___ The data ___

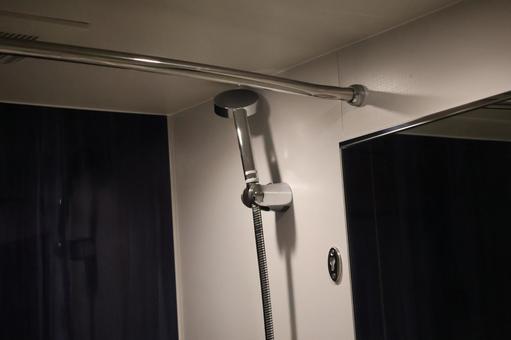 浴室のシャワーヘッド 浴室,シャワーヘッド,鏡の写真素材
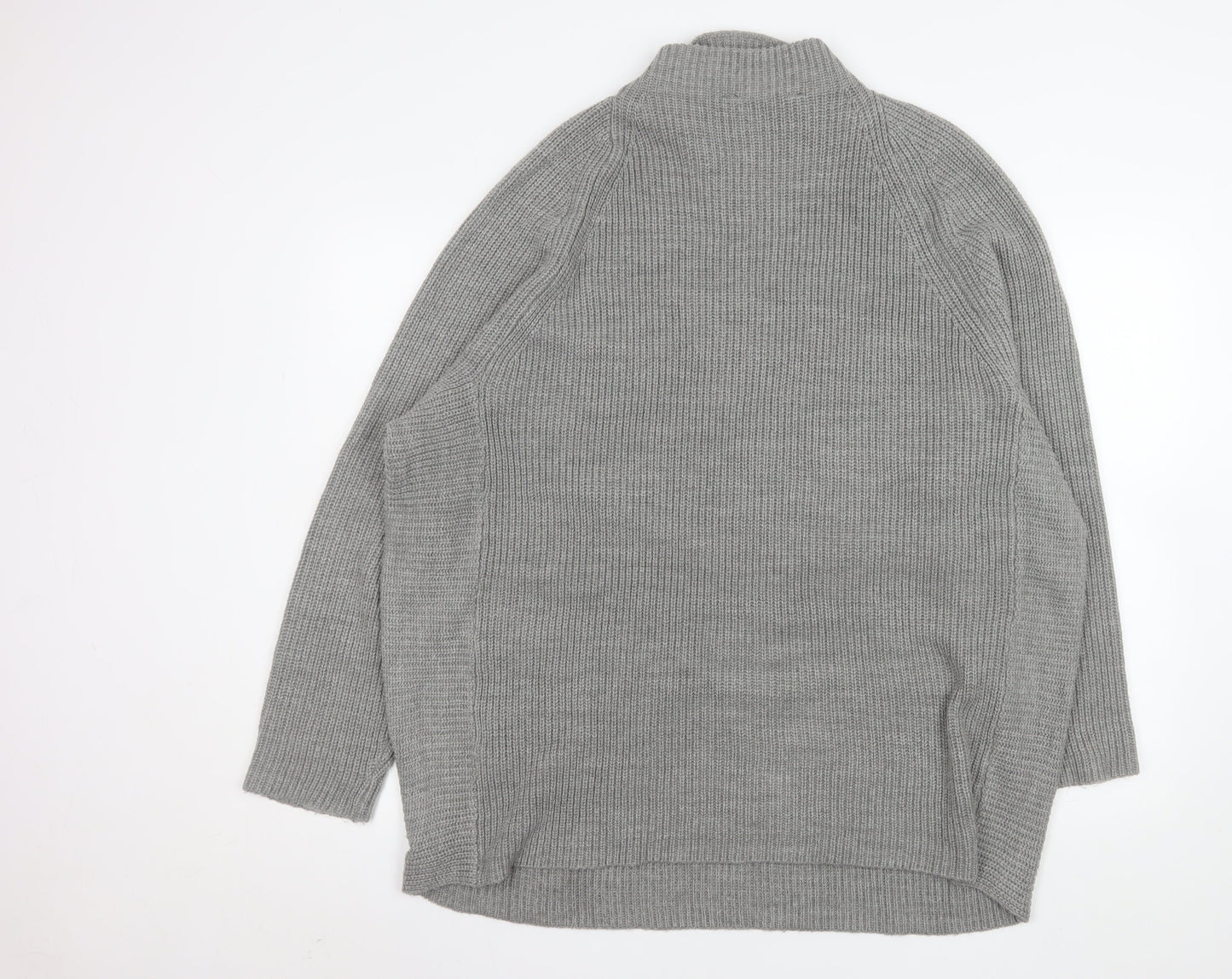 Womens UK Size 18-20 Yours Grey Pullover Jumper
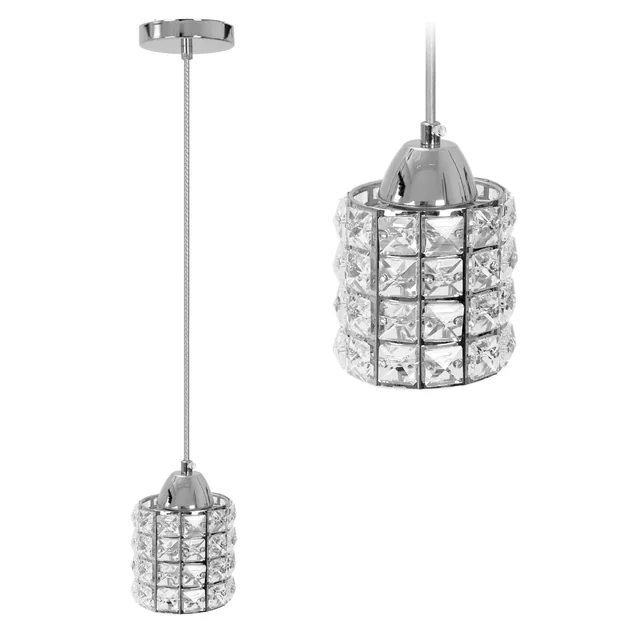 Crystal Ceiling Lamp APP727-1CP Silver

___

> Work order
Excluding pictures, print all lines above exactly.

> Output for this task
 浴室のシャワーヘッド 浴室,シャワーヘッド,鏡の写真素材
 Womens UK Size 18-20 Yours Grey Pullover Jumper
 Crystal Ceiling Lamp APP727-1CP Silver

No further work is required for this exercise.